The Corporations Law does not define "request" as defined in s.721(1).  Nor is a form of request prescribed.  Mr White submitted that, in these circumstances, the fax should be read as, in substance, a request that the ASC not require Leumi to give the information sought in the secondary notice.  He contended that the references in the fax to Swiss law were capable of being read as "special reasons set out in the request".


The Macquarie Dictionary defines "request" as:


     "1. the act of asking for something to be given, or done, esp. as a favour or courtesy; solicitation or petition.... 2. that which is asked for.... 4. to ask for, solicit (something), esp. politely formally.... 6. to make request to, ask, or beg (a person, etc) to do something."


Both Mr White and Mr Lindsay appeared to agree that the question was really one of impression.  In my view, it is not appropriate to take a strict view of what constitutes a request for the purposes of s.721(1).  The recipient of a notice is bound, under the terms of legislation, to respond extremely swiftly to the secondary notice.  A recipient of a notice in a foreign country may find it difficult, whether because of unfamiliarity with Australian laws or language problems, to frame its responses precisely and with clear reference to the applicable legislation.
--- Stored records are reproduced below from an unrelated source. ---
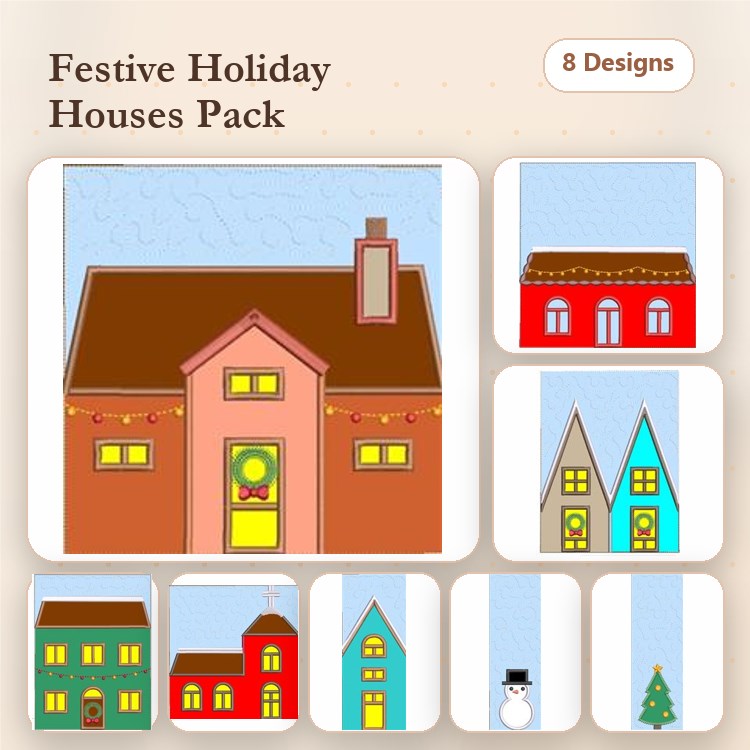 Christmas Village Table Runner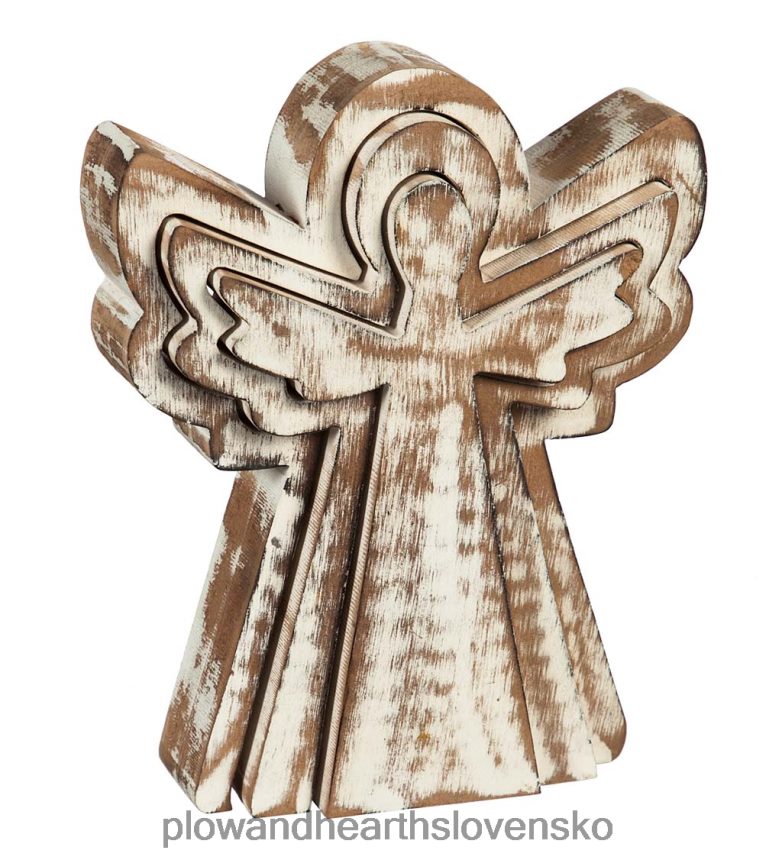 Plow & Hearth vnorené drevené sviatočné figúrky, sada 3 ks 6P208P2230 sezónne a darčeky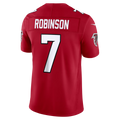 Silnrao A.Falcons #7 Bijan Robinson Red Team Vapor F.U.S.E. Stitched Limited Jerseys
Although the fax of 27 April 1995 is somewhat ambiguous, it is capable of being read as a request to the ASC to be relieved from the obligation to provide the information sought in the secondary notice.  The last paragraph of the letter, in particular, can be construed as asking the ASC to exercise whatever powers might be available to excuse Leumi from complying with the secondary notice, because of Leumi's obligations under Swiss law.  I think the benefit of any doubt in this respect should be given to Leumi.  This is particularly so because the ASC's fax of 26 April 1995, whether or not it amounted to a pre-judgment, was not calculated to draw Leumi's attention to its entitlement to make a request under s.721(1).  Accordingly, I think that the letter should be construed as a request by Leumi that for special reasons (Leumi's obligations under Swiss law) it should not have to give the information sought by the ASC in the secondary notice.


Did EBC Make A Request?

In my opinion, however, EBC is in a different position.  It relies exclusively on the fax of 21 April 1995 to the ASC.  That fax was terse and to the point.  It asserted that

 

     "[d]ue to Swiss secrecy regulations we cannot, however, provide the requested details about the ownership of subject shares."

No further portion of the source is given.